タイトルは、「新しい時代の財政パラダイムを創る!(夢や可能性への制度のしわを伸ばす)」で、
*国債と国の財政管理のあり方
・そもそも財政の健全化とは?
・「国債」は国民にとっての資産でもある
・今こそ、新時代の経済財政パラダイムを!
・国債を新の宝に変える平成の徳政令
*地方財政の水平的連携と地域起点の分権型の国づくり
・新しい水平的連携の一つのあり方
・一括交付金の弊害からの脱却と分権型国家への一道程
・地方のインフラ整備の本源的な意味
*まとめ
以上の小見出しで9ページに及んでいます。
市長は、財政の健全化に疑問を表明しています。

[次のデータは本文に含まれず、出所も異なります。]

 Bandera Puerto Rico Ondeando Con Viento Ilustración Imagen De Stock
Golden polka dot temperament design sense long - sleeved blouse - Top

そして、「国債は政府にとっては借金であるが、保有する国民にとっては大切な資産である。国債は保有する国民にとっては、証券であり、資産であり、財産である。その累積された国債としての規模の大きさが、国家経済の発展に肯定的な影響を与えるということである。」と書き、「国債=借金図式による単純な赤字解消一辺倒の議論のみが、その後の財政行動の展望のないままに強調されすぎていないか。羅針盤を持たないなかで盲目的に削減していくことは、国債が資産として消費・投資を促す効果を有していることだけを考えても、国家経済に明らかにマイナスである。」と書いています。
私は、市長の考えには全く賛同できません。
財政法第4条は、国債発行を原則として禁止し、但し書きで、「公共事業費、出資金及び貸付金の財源については、国会の議決を経た金額の範囲内で、公債を発行し又は借入金をなすことができる」と規定して、国債は将来の世代の負担となるが、公共事業により建設される社会資本は将来の国民も利用できるから、例外的に建設国債の発行を認めています。

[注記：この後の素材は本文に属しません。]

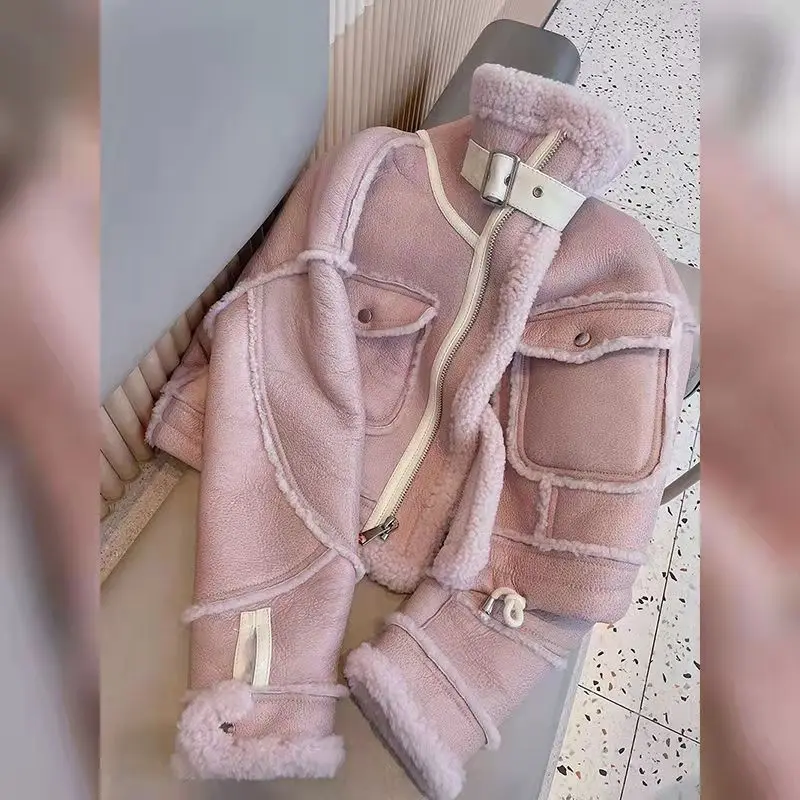 Jaqueta de couro sintético de lã de cordeiro rosa espessada mais veludo motocicleta casaco de costura de couro sintético pu emendado de pelúcia com zíper cardigan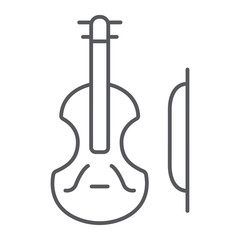 Naklejka premium Violin thin line icon, music and instrument, cello sign, vector graphics, a linear pattern on a white background.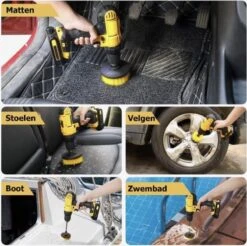 Merkloos 4-delige Borstelset Voor Boormachine - Inclusief Verlengstuk - Opzetborstels - Schrobborstel - Schuurborstel - Schoonmaakborstel - Tapijtreiniger - Brush - Geel - Gratis Verzending -Schone Winkel 1200x1195 10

国の平成23年度予算で、国債は44兆円発行される予定ですが、この44兆円のうち、第4条の但し書きが該当するのは6兆円のみであり、大半を占める38兆円は赤字国債です。
平成6年以降、社会保障費などの財源不足を補うために毎年発行されている赤字国債の残高は421兆円に達しており、現在の国債残高668兆円のうち、社会インフラの整備など資産を生み出すために使われた建設国債の残高は247兆円となっています。そして、この他にも、財投債(財政投融資特別会計国債)119兆円、政府短期証券154兆円、交付税特会等借入金57兆円などの借入金があり、私は、赤字国債は減らしていかねばならないと考えます。
また、中山市長は、「これだけの国債を出しても、経済システムが維持され、円高も進むほどの信用力とそれを支える基礎的な経済体力がある。膨大な富の力の蓄積を現在にいただいているのだ。」と書いていますが、円高についての認識には大きな間違いがあります。

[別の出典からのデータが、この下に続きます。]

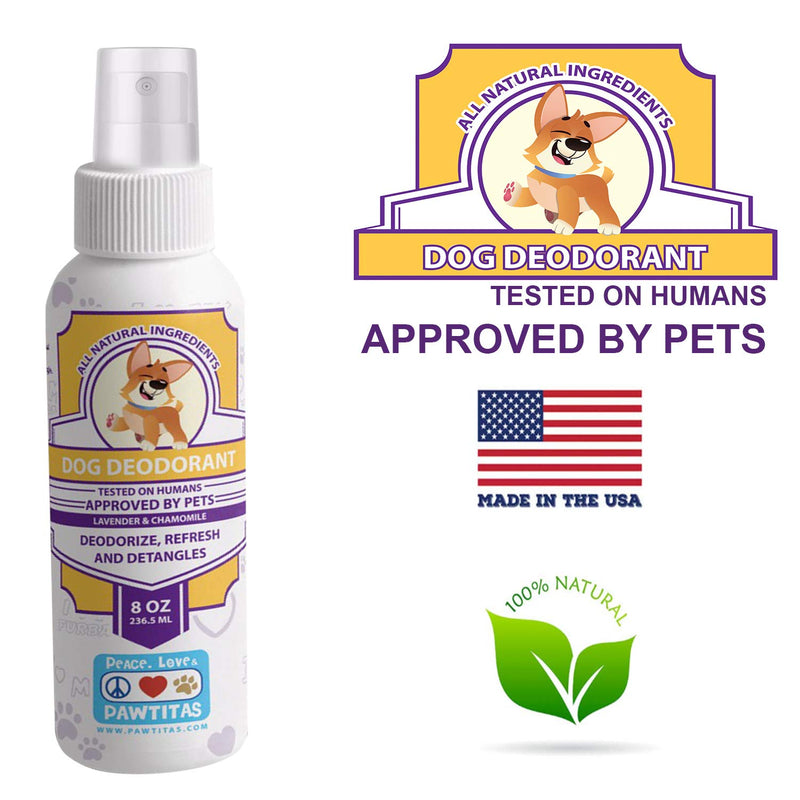 [Australia] - Pawtitas Dog Deodorant Spray a Fresh Perfume with Long Lasting Fragrance on Your Puppy Coat | Perfume for Dogs and Puppies with Essential Oils - 8 oz Dog Cologne. Lavender and Chamomile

日本の政策金利が世界で最も安い0%代で長期安定していたことから、外国人投資家がリスクの高い金融商品を購入するため、日本円を原資として長期にわたって大量に借入れて円を売って外貨を買う円キャリートレードで運用したため、円安が進むとともに運用総額はリーマンショック前に6京円に達したといわれています。
リーマンショック前、日本の経済成長がいざなぎ景気を越えたといわれたころ、そのころ、国債の格付けも下げられておらず日本の信用は今よりもありましたが、120円近い円安になりました。
しかし、リーマンショックにより、リスクの高い金融商品は一気に信用を失い、外国人投資家は金融商品をドルやユーロに現金化しましたが、日本で借りた資金も低いとはいえ金利があるので度大量のドルやユーロを円に換えて日本の銀行に返済しています。同時に、外国人投資家が3割を保有している日本の株価も減少したために円の市場に外貨が集まりやすい状況が出来上がり、円高が進みました。そして、その後も投資マネーによる売り買いが続いているため、円高の状況が続いているというのが市場の認識です。
正しい現状認識がなければ、健全な財政運営はできないと思います。